## Assignment
Below are lines of data; restate word for word those running from the line containing "乌素mirror 男士2021简约运动修身弹力速干打底透气织孔纯色背心" to the line containing "Porsche Panamera — миниатюра 9", inclusive, and no others.

## Available data
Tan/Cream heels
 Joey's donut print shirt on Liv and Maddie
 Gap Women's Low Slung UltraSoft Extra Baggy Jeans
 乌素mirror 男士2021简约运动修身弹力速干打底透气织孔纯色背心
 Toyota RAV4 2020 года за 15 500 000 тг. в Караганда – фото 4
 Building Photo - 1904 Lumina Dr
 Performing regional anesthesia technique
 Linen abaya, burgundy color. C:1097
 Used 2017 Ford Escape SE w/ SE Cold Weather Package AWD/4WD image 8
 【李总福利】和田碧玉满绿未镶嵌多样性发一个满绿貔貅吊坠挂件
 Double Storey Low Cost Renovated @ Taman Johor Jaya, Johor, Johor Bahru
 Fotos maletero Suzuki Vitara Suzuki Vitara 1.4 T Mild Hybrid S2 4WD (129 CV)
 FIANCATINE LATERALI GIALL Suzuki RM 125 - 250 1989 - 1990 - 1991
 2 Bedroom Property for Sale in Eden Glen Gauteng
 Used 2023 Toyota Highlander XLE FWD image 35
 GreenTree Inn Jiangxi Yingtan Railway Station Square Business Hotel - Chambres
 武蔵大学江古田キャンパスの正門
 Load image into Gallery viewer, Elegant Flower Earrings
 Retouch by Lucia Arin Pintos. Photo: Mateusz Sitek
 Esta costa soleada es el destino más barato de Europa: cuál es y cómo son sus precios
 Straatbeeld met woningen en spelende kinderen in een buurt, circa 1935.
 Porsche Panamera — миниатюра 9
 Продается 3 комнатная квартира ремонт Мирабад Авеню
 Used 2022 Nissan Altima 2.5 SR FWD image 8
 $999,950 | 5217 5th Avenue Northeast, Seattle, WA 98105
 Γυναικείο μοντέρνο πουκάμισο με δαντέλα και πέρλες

## Answer box
 乌素mirror 男士2021简约运动修身弹力速干打底透气织孔纯色背心
 Toyota RAV4 2020 года за 15 500 000 тг. в Караганда – фото 4
 Building Photo - 1904 Lumina Dr
 Performing regional anesthesia technique
 Linen abaya, burgundy color. C:1097
 Used 2017 Ford Escape SE w/ SE Cold Weather Package AWD/4WD image 8
 【李总福利】和田碧玉满绿未镶嵌多样性发一个满绿貔貅吊坠挂件
 Double Storey Low Cost Renovated @ Taman Johor Jaya, Johor, Johor Bahru
 Fotos maletero Suzuki Vitara Suzuki Vitara 1.4 T Mild Hybrid S2 4WD (129 CV)
 FIANCATINE LATERALI GIALL Suzuki RM 125 - 250 1989 - 1990 - 1991
 2 Bedroom Property for Sale in Eden Glen Gauteng
 Used 2023 Toyota Highlander XLE FWD image 35
 GreenTree Inn Jiangxi Yingtan Railway Station Square Business Hotel - Chambres
 武蔵大学江古田キャンパスの正門
 Load image into Gallery viewer, Elegant Flower Earrings
 Retouch by Lucia Arin Pintos. Photo: Mateusz Sitek
 Esta costa soleada es el destino más barato de Europa: cuál es y cómo son sus precios
 Straatbeeld met woningen en spelende kinderen in een buurt, circa 1935.
 Porsche Panamera — миниатюра 9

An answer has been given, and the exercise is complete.